Department of Biochemistry, University of Washington, Seattle, WA, USA.
Institute for Protein Design, University of Washington, Seattle, WA, USA.
Nature. 2021 Dec;600(7889):547-552. doi: 10.1038/s41586-021-04184-w. Epub 2021 Dec 1.
There has been considerable recent progress in protein structure prediction using deep neural networks to predict inter-residue distances from amino acid sequences. Here we investigate whether the information captured by such networks is sufficiently rich to generate new folded proteins with sequences unrelated to those of the naturally occurring proteins used in training the models. We generate random amino acid sequences, and input them into the trRosetta structure prediction network to predict starting residue-residue distance maps, which, as expected, are quite featureless. We then carry out Monte Carlo sampling in amino acid sequence space, optimizing the contrast (Kullback-Leibler divergence) between the inter-residue distance distributions predicted by the network and background distributions averaged over all proteins. Optimization from different random starting points resulted in novel proteins spanning a wide range of sequences and predicted structures. We obtained synthetic genes encoding 129 of the network-'hallucinated' sequences, and expressed and purified the proteins in Escherichia coli; 27 of the proteins yielded monodisperse species with circular dichroism spectra consistent with the hallucinated structures. We determined the three-dimensional structures of three of the hallucinated proteins, two by X-ray crystallography and one by NMR, and these closely matched the hallucinated models. Thus, deep networks trained to predict native protein structures from their sequences can be inverted to design new proteins, and such networks and methods should contribute alongside traditional physics-based models to the de novo design of proteins with new functions.
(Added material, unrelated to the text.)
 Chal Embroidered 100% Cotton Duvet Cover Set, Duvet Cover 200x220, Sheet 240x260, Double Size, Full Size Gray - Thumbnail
近年来,利用深度神经网络预测氨基酸序列的残基间距离,在蛋白质结构预测方面取得了相当大的进展。在这里,我们研究了这些网络所捕获的信息是否足够丰富,可以生成与用于训练模型的天然存在的蛋白质序列无关的新折叠蛋白质。我们生成随机氨基酸序列,并将其输入 trRosetta 结构预测网络,以预测起始残基残基距离图,正如预期的那样,这些图非常没有特征。然后,我们在氨基酸序列空间中进行蒙特卡罗采样,优化网络预测的残基间距离分布与所有蛋白质平均的背景分布之间的对比度(Kullback-Leibler 散度)。从不同的随机起点进行优化得到了跨越广泛序列和预测结构的新型蛋白质。我们获得了编码网络“幻觉”序列的 129 个合成基因,并在大肠杆菌中表达和纯化了这些蛋白质;其中 27 个蛋白质产生了具有圆二色性光谱的单分散物质,与幻觉结构一致。我们确定了三种幻觉蛋白的三维结构,其中两种通过 X 射线晶体学确定,一种通过 NMR 确定,这些结构与幻觉模型非常吻合。因此,从其序列预测天然蛋白质结构的深度网络可以被反转来设计新的蛋白质,并且这些网络和方法应该与传统基于物理的模型一起,为具有新功能的蛋白质的从头设计做出贡献。